Non si possono dimenticare i rapporti e le abitudini cittadine tra famiglie e fornai: questi ultimi, all’alba di alcuni giorni prestabiliti, bussavano alle case delle varie famiglie loro clienti gridando: - la patràuné, à trumbuè u puénè - (- signora, devi impastare il pane -) precisando il turno dell’infornata. Poco prima dell’orario stabilito veniva portata nelle singole case una lunga tavola di legno (liscia sopra e ruvida sotto) sulla quale venivano disposte le forme di pane, eventuali focacce condite e la “giumella”, un piccolo pane da lasciare al fornaio.

Prima di essere infornato, il pane subiva, come ancora oggi, un’ intaccatura davanti (per il tipo morbido) o un risvolto con piegatura anteriore (per quello più alto), che con la cottura gli assicurava la tipica forma a doppia gobba con muso anteriore, dandogli un aspetto quasi sorridente.

Veniva marchiato con lettere, simboli o disegni vari per contraddistinguere i pani dei diversi clienti; di questi marchi in ferro, un tempo migliaia, ne sono rimasti solo pochi esemplari.

Nella città medioevale e dell’epoca farnese le costruzioni dei forni furono dislocate in punti strategici del centro antico e presero tutti il nome delle chiese vicine; tre o quattro sono ancora in attività e continuano a preparare gustosi prodotti tradizionali. In seguito, riprendendo lo schema di quelli antichi, furono costruiti altri forni nei nuovi quartieri fuori le mura; negli ultimi anni sono sorti, in periferia, impianti di tipo industriale.

Nei forni più antichi il fuoco per la cottura è ancora ricavato dalla combustione di legna (querce, mandorli, noci, ceppi di vite, pini, abeti) che garantisce una buona profumazione naturale; in quelli più recenti, invece, il calore è originato dall’alimentazione elettrica.

Tutti i forni di antica impostazione, di cui restano ancora attivi una decina, hanno una struttura tipica a piccola cupola (costruita con dure e sottili fette di tufo incastrate a raggiera) posta su un’alta base fatta di lastre ben levigate di mazzaro duro, una pietra altamurana molto resistente al calore.

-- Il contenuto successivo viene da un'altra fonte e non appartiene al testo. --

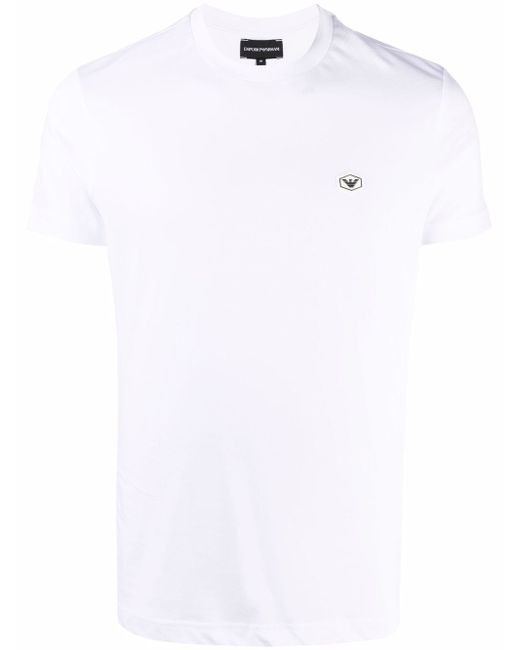 Emporio Armani logo-patch short-sleeved T-shirt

La temperatura interna, che supera i 200-250°, consente la formazione della tipica crosta croccante rosso marrone che racchiude una mollica paglierina, soffice e ricca di bolle di lievitazione.

In occasione di particolari festività di Santi, in alcuni claustri del centro antico, si preparano ancora oggi altarini con l’effige del Santo, intorno al quale vengono disposti canestri colmi di “panèddé benedìtteda distribuire ai numerosi devoti o poveri e da mangiare dopo il tradizionale “bacio” e segno della croce.

Materie prime di ottima qualità, storia, folclore, passione per le proprie tradizioni, uniti ad una eccellente capacità imprenditoriale degli altamurani, fanno sì che il pane di Altamura abbia varcato i confini del territorio e rappresenti una delle tante eccellenze gastronomiche della Puglia, meritandosi il riconoscimento del “Marchio DOP”, conferito nel 2003 dall’Unione Europea.